With no additions or omissions, print the listing that follows.

--- START ---

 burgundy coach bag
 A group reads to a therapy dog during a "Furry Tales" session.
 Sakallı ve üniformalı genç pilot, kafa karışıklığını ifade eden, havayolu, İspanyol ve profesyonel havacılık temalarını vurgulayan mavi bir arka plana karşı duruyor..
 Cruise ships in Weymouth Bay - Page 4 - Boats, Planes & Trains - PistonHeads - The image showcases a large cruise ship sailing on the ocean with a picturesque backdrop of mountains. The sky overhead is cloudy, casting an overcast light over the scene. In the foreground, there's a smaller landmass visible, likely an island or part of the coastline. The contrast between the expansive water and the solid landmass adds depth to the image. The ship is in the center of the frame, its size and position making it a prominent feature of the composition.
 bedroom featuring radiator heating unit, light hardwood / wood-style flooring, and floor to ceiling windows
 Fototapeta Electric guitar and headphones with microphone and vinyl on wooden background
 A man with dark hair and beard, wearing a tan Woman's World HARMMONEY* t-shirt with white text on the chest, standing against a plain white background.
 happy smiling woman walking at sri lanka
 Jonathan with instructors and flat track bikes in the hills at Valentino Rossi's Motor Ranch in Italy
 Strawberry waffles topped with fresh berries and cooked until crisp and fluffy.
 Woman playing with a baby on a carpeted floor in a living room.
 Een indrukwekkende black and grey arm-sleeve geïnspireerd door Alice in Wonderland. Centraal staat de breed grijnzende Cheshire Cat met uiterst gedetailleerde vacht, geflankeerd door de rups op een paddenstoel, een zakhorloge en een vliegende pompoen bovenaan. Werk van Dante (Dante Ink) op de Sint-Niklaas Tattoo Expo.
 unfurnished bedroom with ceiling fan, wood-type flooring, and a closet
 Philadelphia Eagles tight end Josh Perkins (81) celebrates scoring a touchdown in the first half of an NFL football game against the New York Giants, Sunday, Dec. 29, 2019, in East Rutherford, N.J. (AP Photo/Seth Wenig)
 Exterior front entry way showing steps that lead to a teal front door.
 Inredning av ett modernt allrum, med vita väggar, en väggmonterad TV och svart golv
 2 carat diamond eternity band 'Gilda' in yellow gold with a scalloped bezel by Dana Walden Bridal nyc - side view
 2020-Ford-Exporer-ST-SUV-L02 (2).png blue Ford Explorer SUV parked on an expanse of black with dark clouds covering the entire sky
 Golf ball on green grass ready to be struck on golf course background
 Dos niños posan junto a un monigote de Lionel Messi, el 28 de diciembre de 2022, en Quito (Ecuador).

--- END ---

**EXERCISE ANSWER**
 burgundy coach bag
 A group reads to a therapy dog during a "Furry Tales" session.
 Sakallı ve üniformalı genç pilot, kafa karışıklığını ifade eden, havayolu, İspanyol ve profesyonel havacılık temalarını vurgulayan mavi bir arka plana karşı duruyor..
 Cruise ships in Weymouth Bay - Page 4 - Boats, Planes & Trains - PistonHeads - The image showcases a large cruise ship sailing on the ocean with a picturesque backdrop of mountains. The sky overhead is cloudy, casting an overcast light over the scene. In the foreground, there's a smaller landmass visible, likely an island or part of the coastline. The contrast between the expansive water and the solid landmass adds depth to the image. The ship is in the center of the frame, its size and position making it a prominent feature of the composition.
 bedroom featuring radiator heating unit, light hardwood / wood-style flooring, and floor to ceiling windows
 Fototapeta Electric guitar and headphones with microphone and vinyl on wooden background
 A man with dark hair and beard, wearing a tan Woman's World HARMMONEY* t-shirt with white text on the chest, standing against a plain white background.
 happy smiling woman walking at sri lanka
 Jonathan with instructors and flat track bikes in the hills at Valentino Rossi's Motor Ranch in Italy
 Strawberry waffles topped with fresh berries and cooked until crisp and fluffy.
 Woman playing with a baby on a carpeted floor in a living room.
 Een indrukwekkende black and grey arm-sleeve geïnspireerd door Alice in Wonderland. Centraal staat de breed grijnzende Cheshire Cat met uiterst gedetailleerde vacht, geflankeerd door de rups op een paddenstoel, een zakhorloge en een vliegende pompoen bovenaan. Werk van Dante (Dante Ink) op de Sint-Niklaas Tattoo Expo.
 unfurnished bedroom with ceiling fan, wood-type flooring, and a closet
 Philadelphia Eagles tight end Josh Perkins (81) celebrates scoring a touchdown in the first half of an NFL football game against the New York Giants, Sunday, Dec. 29, 2019, in East Rutherford, N.J. (AP Photo/Seth Wenig)
 Exterior front entry way showing steps that lead to a teal front door.
 Inredning av ett modernt allrum, med vita väggar, en väggmonterad TV och svart golv
 2 carat diamond eternity band 'Gilda' in yellow gold with a scalloped bezel by Dana Walden Bridal nyc - side view
 2020-Ford-Exporer-ST-SUV-L02 (2).png blue Ford Explorer SUV parked on an expanse of black with dark clouds covering the entire sky
 Golf ball on green grass ready to be struck on golf course background
 Dos niños posan junto a un monigote de Lionel Messi, el 28 de diciembre de 2022, en Quito (Ecuador).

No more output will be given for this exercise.